Wrapping a python class around JSON data, which is better?

(note: this got an update, I'm now using dataclasses with run-time type enforcment. see bottom :3)

So, it's been a year and I'm going to answer my own question. I don't quite like answering it myself, but: this will mark the thread as resolved which in itself might help others.

On the other hand, I want to document and give reason to why I chose my solution over proposed answers. Not, to prove me right, but to highlight the different tradeoffs.

I just realized, that this got quite long, so:

tl;dr

collections.abc contains powerful abstractions and you should use them if you have access to it (cpython >= 3.3). @property is nice to use, enables to add documentation easily and provides read only access. Nested classes look weird but replicate the structure of deeply nested JSON just fine.

Proposed solutions

python meta-classes

So first off: I love the concept. I've considered many applications for where they prove useful, especially when:

  1. writing a pluggable API where meta-classes enforce correct usage of derived classes and their implementation specifics
  2. having a fully automated registry of classes that derive a from a meta-class.

On the other hand, python's meta-class logic felt obscure to wrap my head around (took me at least three days to figure it out). While simple in principle, the devil is in the details. So, I decided against it, simply because I might abandon the project in the not so far future and others should be able to pick up where I left off easily.

namedtuple

collections.namedtuple is very efficient and concise enough to boil my solution down to several lines instead of the current 800+ lines. My IDE will also be able to introspect possible members of the generated class.

Cons: the breverity of namedtuple leaves much less room for the awfully necessary documentation of the APIs returned values. So with less insane APIs you will possibly get away with just that. It also feels wierd to nest class objects into the namedtuple, but that's just personal preference.

What I went with

So in the end, I chose to stick to my first original solution with a few minor details added, if you find the details interesting, you can look at the source on github.

collections.abc

When I started the project, my python knowledge was next to none, so I went with what I knew about python ("everything is a dict") and wrote code like that. For example: classes that work like a dict, but have a file structure underneath (that was before pathlib).

While looking through python's code I noticed how they implement and enforce container "traits" through abstract base classes which sounds far more complicated than it really is in python.

the very basics

The following is indeed very basic, but we'll build up from there.

from collections import Mapping, Sequence, Sized

class JsonWrapper(Sized):
    def __len__(self):
        return len(self._data)

    def __init__(self, json):
        self._data = json

    @property
    def raw(self): return self._data

The most basic class I could come up with, this will just enable you to call len on the container. You also can get read-only access through raw if you really want to bother with the underlying dictionary.

So why am I inheriting from Sized instead of just starting from scratch and def __len__ just like that?

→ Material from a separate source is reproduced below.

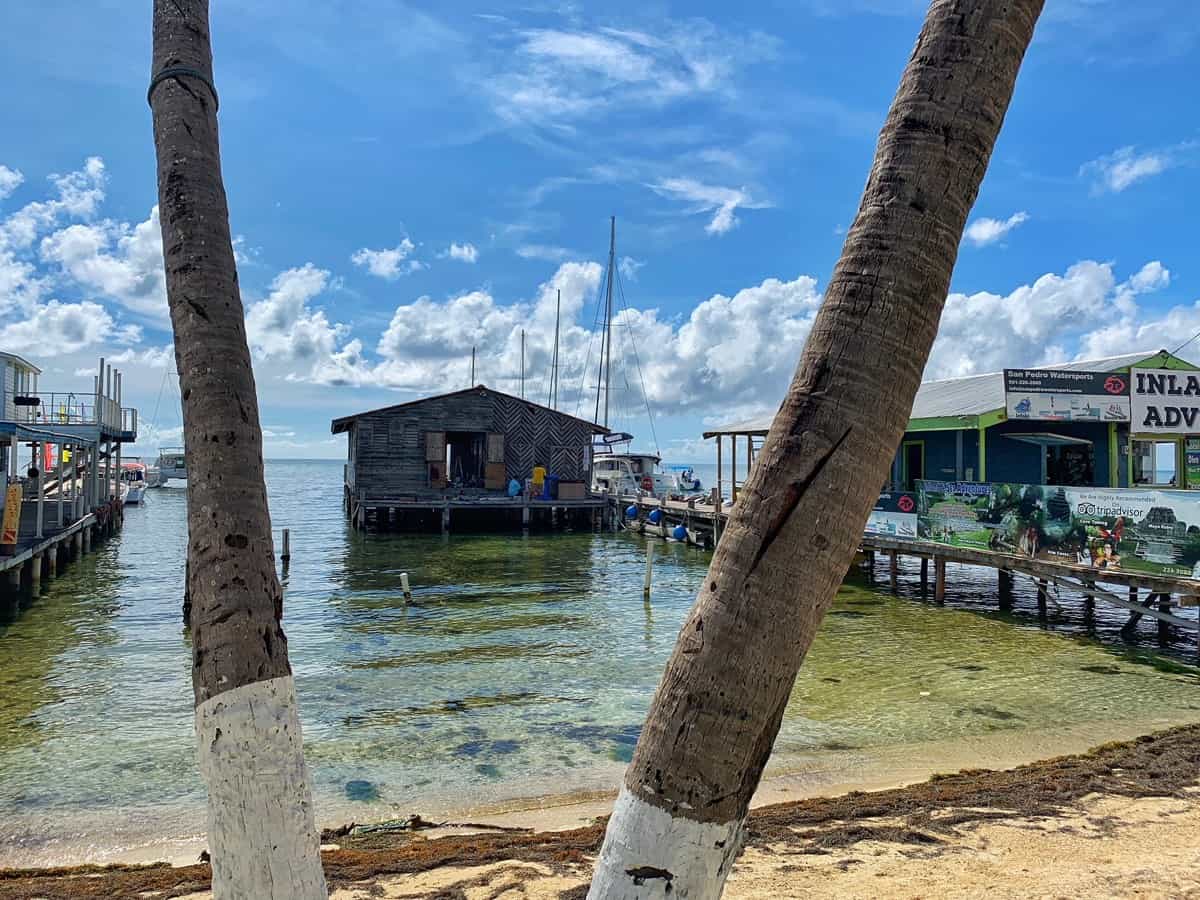 Belize Beach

  1. not overriding __len__ will not be accepted by the python interpreter. I forget when exactly, but AFAIR it's when you import the module that contains the class, so you're not getting screwed at runtime.
  2. While Sized does not provide any mixin methods, the next two abstractions do provide them. I'll explain there.

With that down, we only got two more basic cases in JSON lists and dicts.

Lists

So, with the API I had to worry about, we we're not always sure what we got; so I wanted a way of checking if I got a list when we initialize the wrapper class, mostly to abort early instead of "object has no member" during more complicated processes.

Deriving from Sequence will enforce overriding __getitem__ and __len__ (which is already implemented in JsonWrapper).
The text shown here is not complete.